Running a growing organization with a growing staff is different from starting out on your own. If persistence is most often cited by the CEOs as the first requirement for success, "good people" is cited second. "The CEO has to be a lion tamer," Tom Hendrick of Hadson Petroleum Corp. says. "But if he's going to succeed he's got to have some pretty good lions." For Vern Rees of St. Jude Medical Inc., that means that his most important responsibility is "being able to read people psychologically, understanding what makes them want to complete a task."
"You have to get your employees involved in the company," John Cullinane agrees. "You try to instill a team spirit so they don't worry about the clock." For Cullinane, as for fully 96% of the INC. 100 CEOs, building a team spirit means offering to share your equity with key employees. Shared equity means shared responsibility, shared risk -- and shared gain. "We made 12 millionaires six months after going public," Richard Greene of Data Switch says happily.
But it is the CEO who has to decide when to roll the dice. Over and over again, the 100 CEOs describe themselves as aggressive and action-oriented, attracted to the risks that business success demands. "You've got to be decisive," James Hoak of Heritage Communications Inc. says. "You have to be confident and persistent, willing to make decisions and not look back. But there is a flip side to all that. Decisiveness carried to its extreme is impatience."

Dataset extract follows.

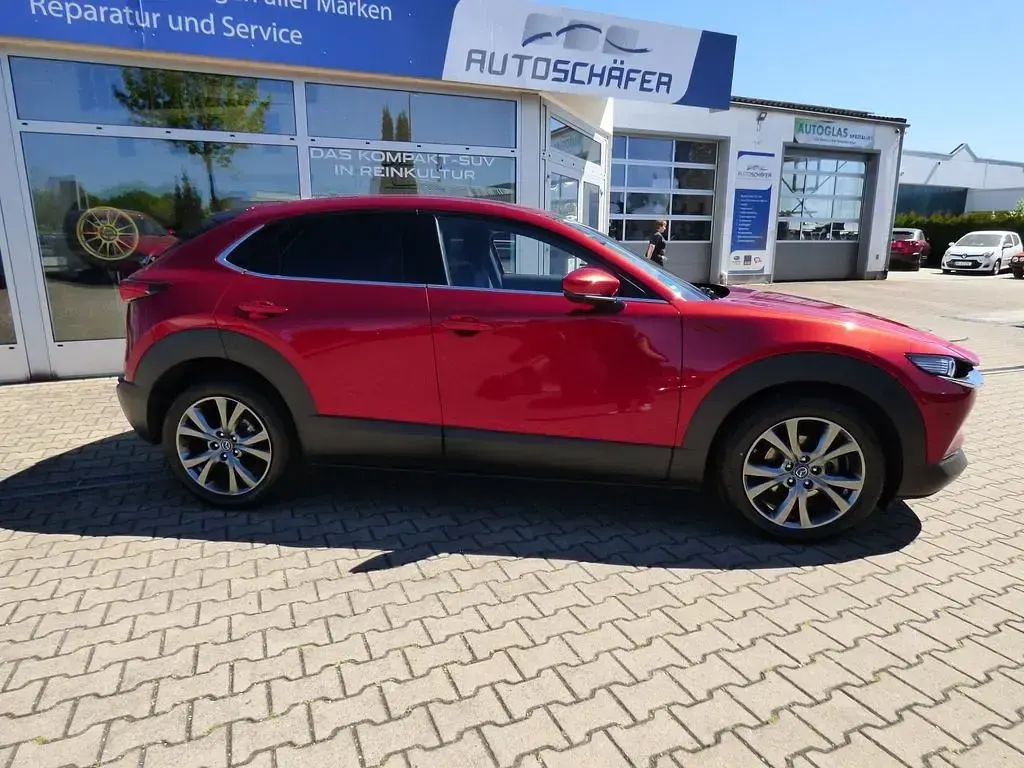 Usata Mazda CX-30 186 CV (136 kW) 2022 Rosso SUV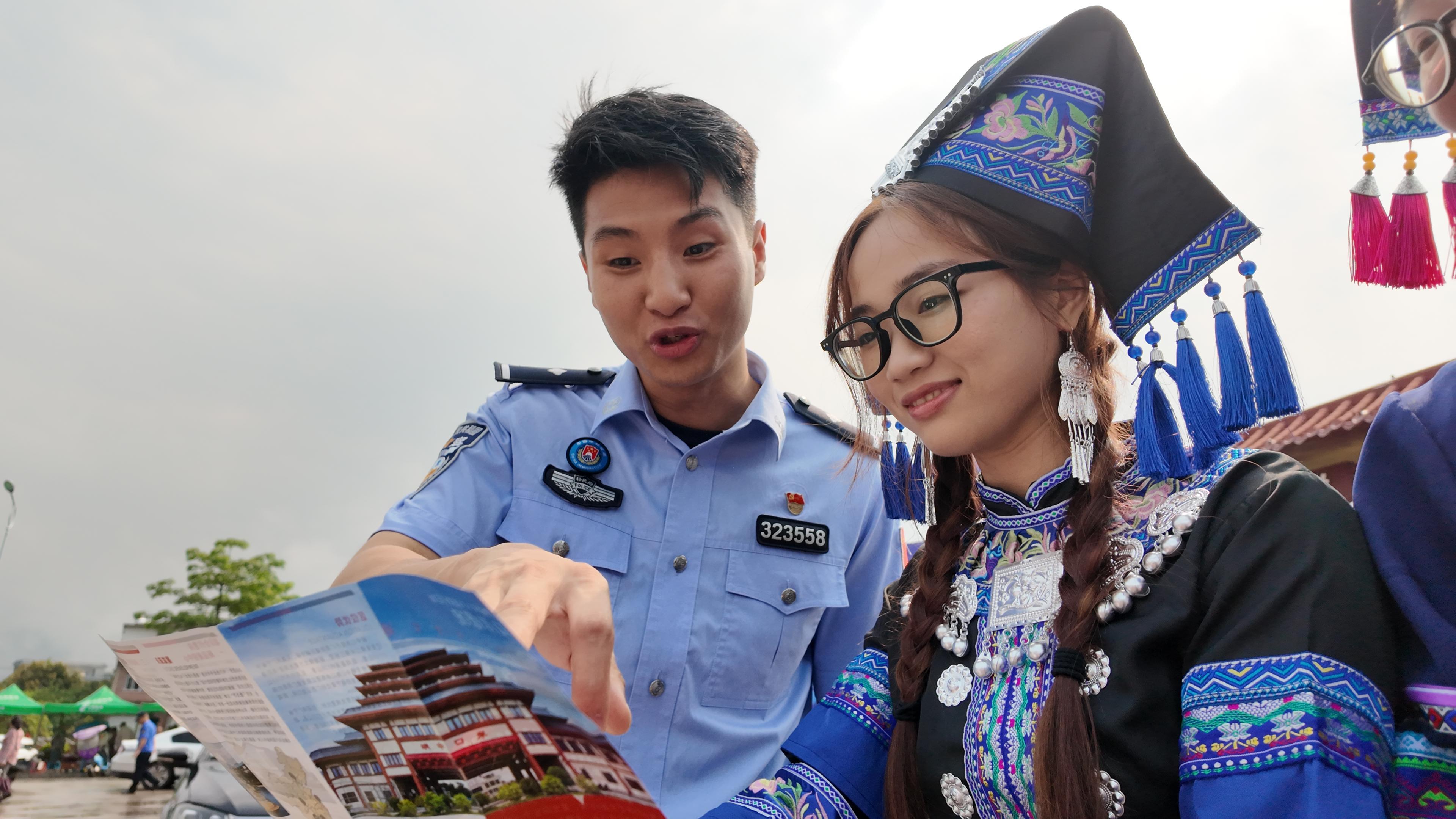 东兴边检站峒中分站：山歌普法好声音 声声传唱入人心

If the CEOs describe their strengths as persistence and decisiveness, they recognize as well that their biggest weakness is impatience, the belief that "I can do it faster myself -- and better," and a consequent unwillingness to delegate. "As an entrepreneur, I felt that I had to do everything myself," Leonard Abramson of United States Health Care Systems Inc. says"I had to force myself to delegate, to let go. But I've found that the secret is to pick good people and work with them. Develop confidence both ways, and then you can leave them alone -- if they're good and well trained, you'll all succeed." No CEO can run a fast-growth company without sharing some of the pressures, but there is always more to be done. "I tried to delegate; I hired a new senior vice-president to relieve me of some of my duties," admits Jesse Edwards of Mid-America Petroleum Inc. "Then I just went out and found a lot of new ones."
As persistent as they are on the job -- creating a corporate culture, training their staff, forcing themselves to delegate -- the INC. 100 CEOs are even more tenacious about their hold on the corporate reins. A full 83% insist that they will never retire, often agreeing with Charles Muench of Intelligent Systems, who vows, "I won't go until they carry me out in a box."
David Jackson, the 45-year-old founder of Altos Computer Systems, is an exception, however. Jackson has already announced when he will retire. At age 84.